To do:
Only the lines from the one that contains "Ração Golden Seleção" to the last line below, both included, should be transcribed. Pictures stay out of the copy.

Provided information:
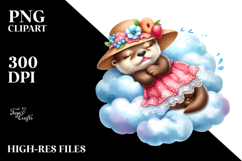 Baby Otter Dressed for Summer Sleeping on Cloud Product Image 2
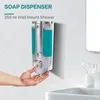 液体ソープディスペンサー2024 350mlハンドシャンプーウォールマウントシャワー洗浄剤ディスペンサーアルコールスプレーバスルームハードウェア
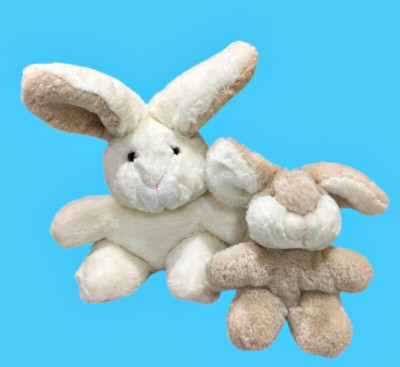 VTG Gund Heather Rabbit Plush Lot of 2 Floppy Ears Bunnies 9 and 7 Inch 1980s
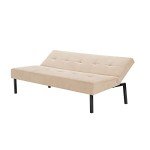 Beige 3-Seater Convertible Futon Sofa Bed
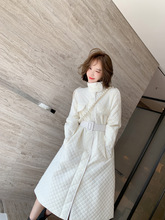 MIUCO設計感菱格腰帶收腰顯瘦中長款保暖棉服外套女2022秋冬新款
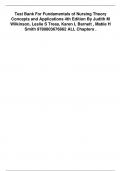 Test Bank For Fundamentals of Nursing Theory Concepts and Applications 4th Edition By Judith M Wilkinson, Leslie S Treas, Karen L Barnett , Mable H Smith 9780803676862 ALL Chapters .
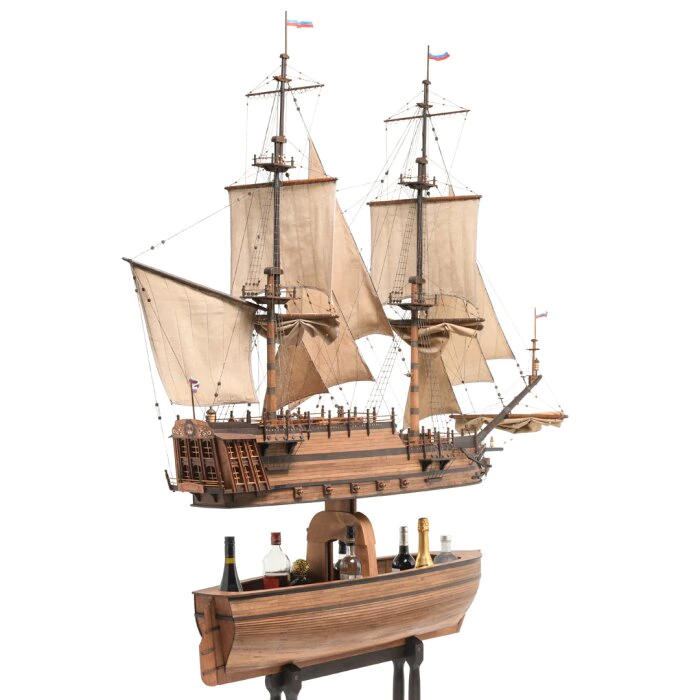 Exclusive mini bar "Dutch brig of the XVIII century" made of precious wood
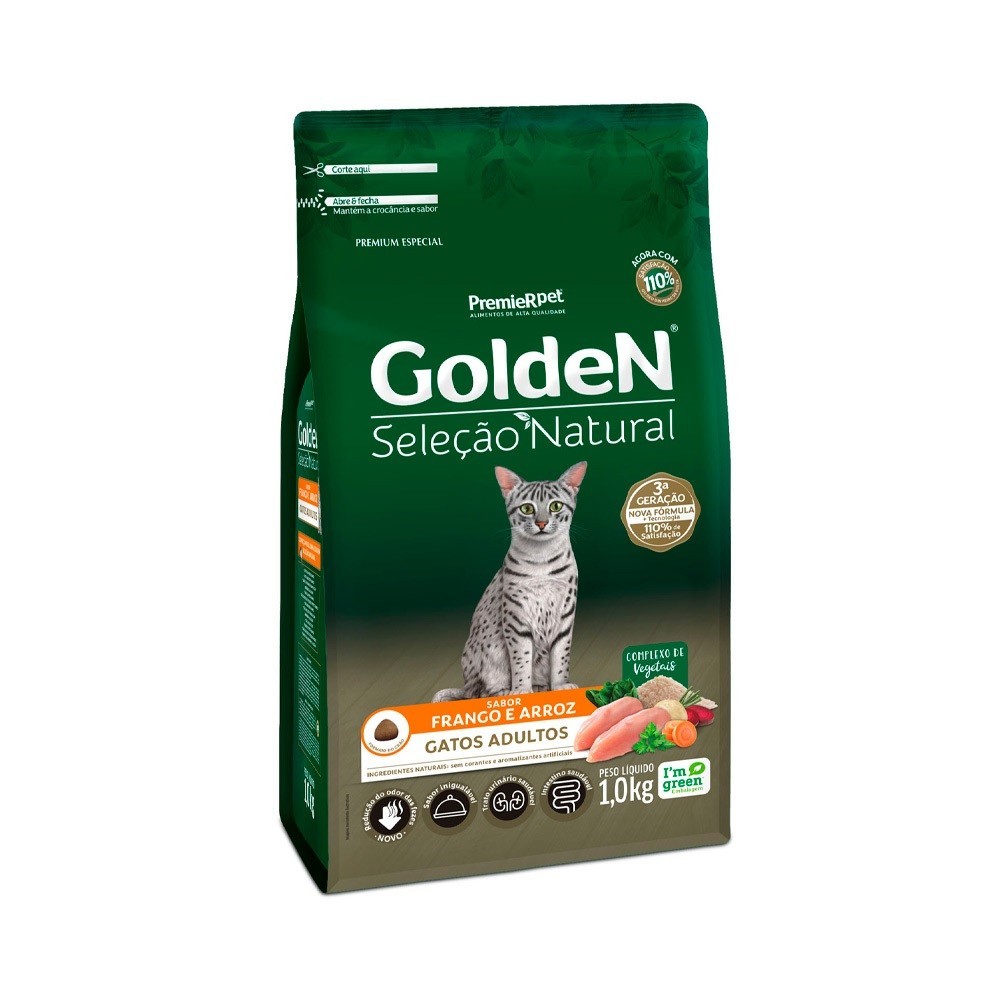 Ração Golden Seleção Natural Gatos Adultos Frango e Arroz 1 kg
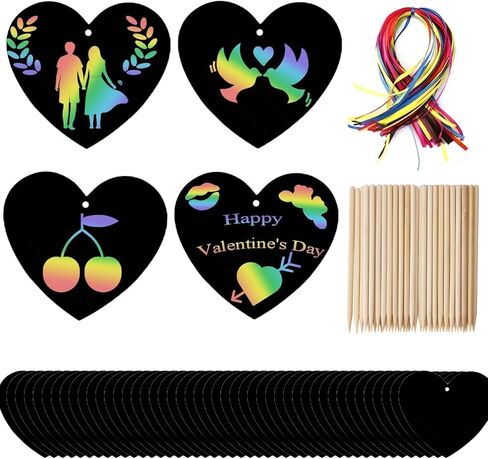 Naturahand 50 Rainbow Scratch Paper with 10 Wooden Scratch Sticks and 50 Red String, Heart Shaped Scratch Off Cards for Valentine DIY Decorations and Art Party Favors(H-1) in Saudi Arabia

Exercise response:
 Ração Golden Seleção Natural Gatos Adultos Frango e Arroz 1 kg
 Naturahand 50 Rainbow Scratch Paper with 10 Wooden Scratch Sticks and 50 Red String, Heart Shaped Scratch Off Cards for Valentine DIY Decorations and Art Party Favors(H-1) in Saudi Arabia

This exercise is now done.